In [41]:
import numpy as np
import os
import csv
from typing import List, Dict, Tuple
import h5py
import warnings
from collections import defaultdict
import matplotlib.pyplot as plt



In [42]:
pbs_example = '/mnt/hd0/Pain_ML_data/videos/pbs/trimmed_2024-07-15_22-04-39_1-2blue'
formalin_example = '/mnt/hd0/Pain_ML_data/videos/formalin/formalin-trimmed_2024-07-15_22-04-39_1-1blue'

ex = os.path.join(pbs_example,'features.h5')

In [43]:
ex

'/mnt/hd0/Pain_ML_data/videos/pbs/trimmed_2024-07-15_22-04-39_1-2blue/features.h5'

In [44]:
# def traverse_hdf5(name, node, group_data):
#     group_name = name.split('/')[0]  # Get the top-level group name
#     if isinstance(node, h5py.Dataset):
#         if group_name not in group_data:
#             group_data[group_name] = {}
#         dataset_name = name.split('/')[-1]  # Get the dataset name
#         group_data[group_name][dataset_name] = {
#             'shape': node.shape,
#             'dtype': str(node.dtype),
#             # 'sample': node[(0,) * len(node.shape)][:5].tolist()  # Convert to list for easier printing
#         }

# def explore_h5_file(file_path):
#     group_data = defaultdict(dict)
#     with h5py.File(file_path, 'r') as f:
#         f.visititems(lambda name, node: traverse_hdf5(name, node, group_data))
    
#     print(f"Exploring file: {file_path}\n")
#     for group_name, datasets in group_data.items():
#         print(f"Group: {group_name}")
#         print(f"Number of datasets: {len(datasets)}")
#         total_data_points = sum(info['shape'][0] for info in datasets.values())
#         print(f"Total data points: {total_data_points}")
#         print("Datasets:")
#         for dataset_name, info in datasets.items():
#             print(f"  - {dataset_name}")
#             print(f"    Shape: {info['shape']}")
#             print(f"    Type: {info['dtype']}")
#             # print(f"    First few values: {info['sample']}")
#         print()
#     return group_data

# explore_h5_file(ex)

In [45]:
class HDF5Manager:
    def __init__(self, file_path):
        self.file_path = file_path
        self.file = None
        self.group_data = defaultdict(dict)
        self._traverse_file()

    def _traverse_file(self):
        with h5py.File(self.file_path, 'r') as f:
            f.visititems(self._collect_datasets)

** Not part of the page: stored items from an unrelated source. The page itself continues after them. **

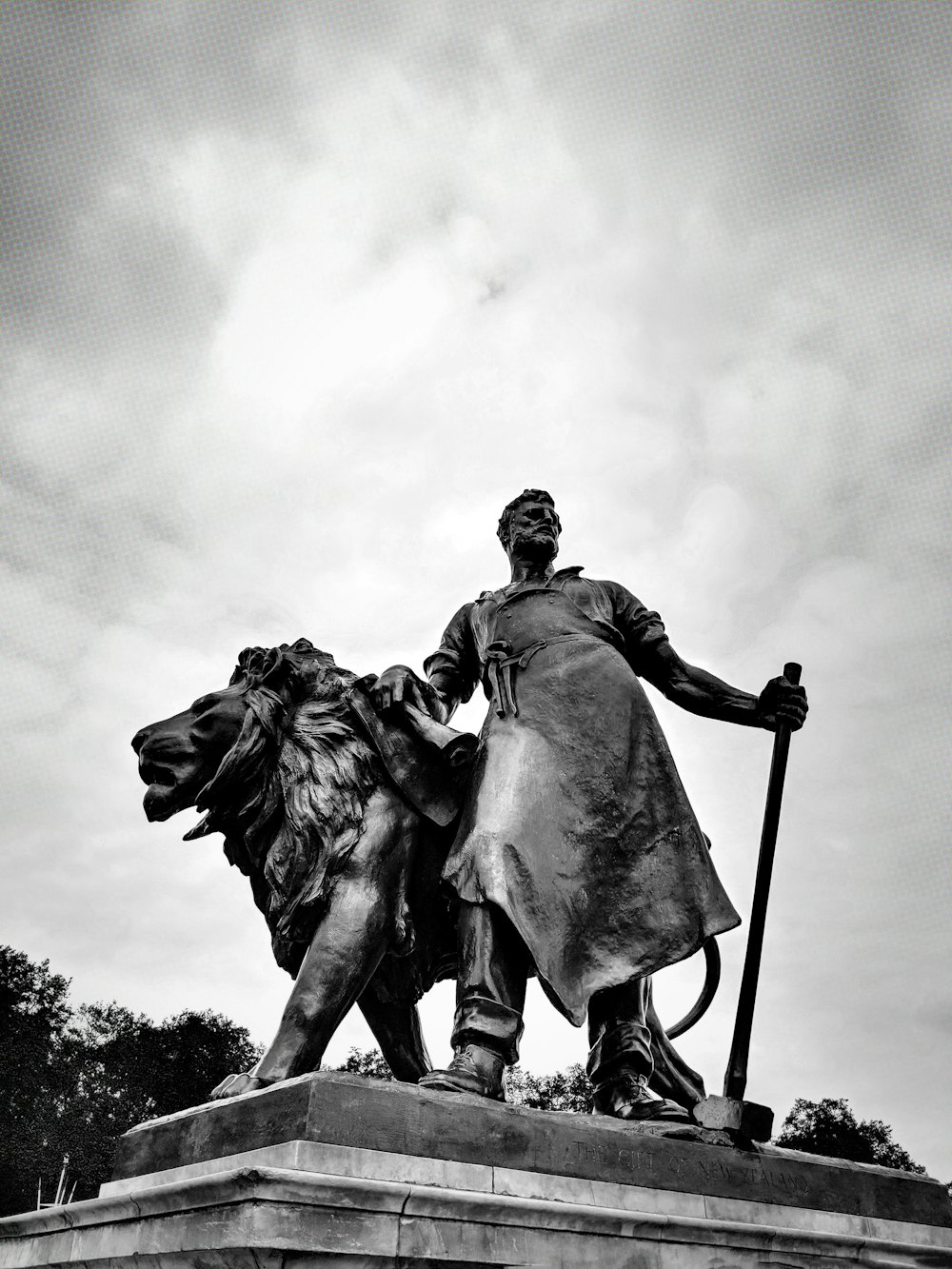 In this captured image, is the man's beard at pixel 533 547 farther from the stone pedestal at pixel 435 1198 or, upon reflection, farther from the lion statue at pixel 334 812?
the stone pedestal at pixel 435 1198

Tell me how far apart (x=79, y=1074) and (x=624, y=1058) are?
35353mm

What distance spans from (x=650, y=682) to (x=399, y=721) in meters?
1.67

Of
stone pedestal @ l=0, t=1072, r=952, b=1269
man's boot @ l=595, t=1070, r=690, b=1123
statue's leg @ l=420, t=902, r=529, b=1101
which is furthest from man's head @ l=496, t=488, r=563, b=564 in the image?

    def _collect_datasets(self, name, node):
        if isinstance(node, h5py.Dataset):
            group_name = name.split('/')[0]
            dataset_name = name.split('/')[-1]
            self.group_data[group_name][dataset_name] = name  # Store full path

    def _ensure_file_open(self):
        if self.file is None or not self.file.id.valid:
            self.file = h5py.File(self.file_path, 'r')

    def close(self):
        if self.file is not None:
            self.file.close()
            self.file = None

    def get_dataset(self, group_name, dataset_name) -> np.array:
        # Extracts given dataset from a specific group
        self._ensure_file_open()
        full_path = self.group_data[group_name][dataset_name]
        return self.file[full_path]

    def get_dataset_for_all_groups(self, dataset_name) -> Dict[str,np.array]:
        dataset_dict = {}
        for group_name in self.group_data.keys():
            dataset = self.get_data(group_name, dataset_name)
            dataset_dict[group_name] = dataset
        return dataset_dict

    def get_data(self, group_name, dataset_name, slice=None):
        dataset = self.get_dataset(group_name, dataset_name)
        if slice is None:
            return dataset[:]
        return dataset[slice]

    def get_metadata(self, group_name, dataset_name):
        dataset = self.get_dataset(group_name, dataset_name)
        return {
            'shape': dataset.shape,
            'dtype': str(dataset.dtype),
            'chunks': dataset.chunks,
            'compression': dataset.compression
        }

    def __enter__(self):
        return self

    def __exit__(self, exc_type, exc_val, exc_tb):
        self.close()

    def __del__(self):
        self.close()


In [46]:
file_path = ex
with HDF5Manager(file_path) as hdf:
    # List all groups
    print("Groups:", list(hdf.group_data.keys()))
    # Choose a group
    group_name = list(hdf.group_data.keys())[0]
    print(f"\nDatasets in {group_name}:", list(hdf.group_data[group_name].keys()))
    # Get data
    data = hdf.get_data(group_name, 'both_front_paws_lifted')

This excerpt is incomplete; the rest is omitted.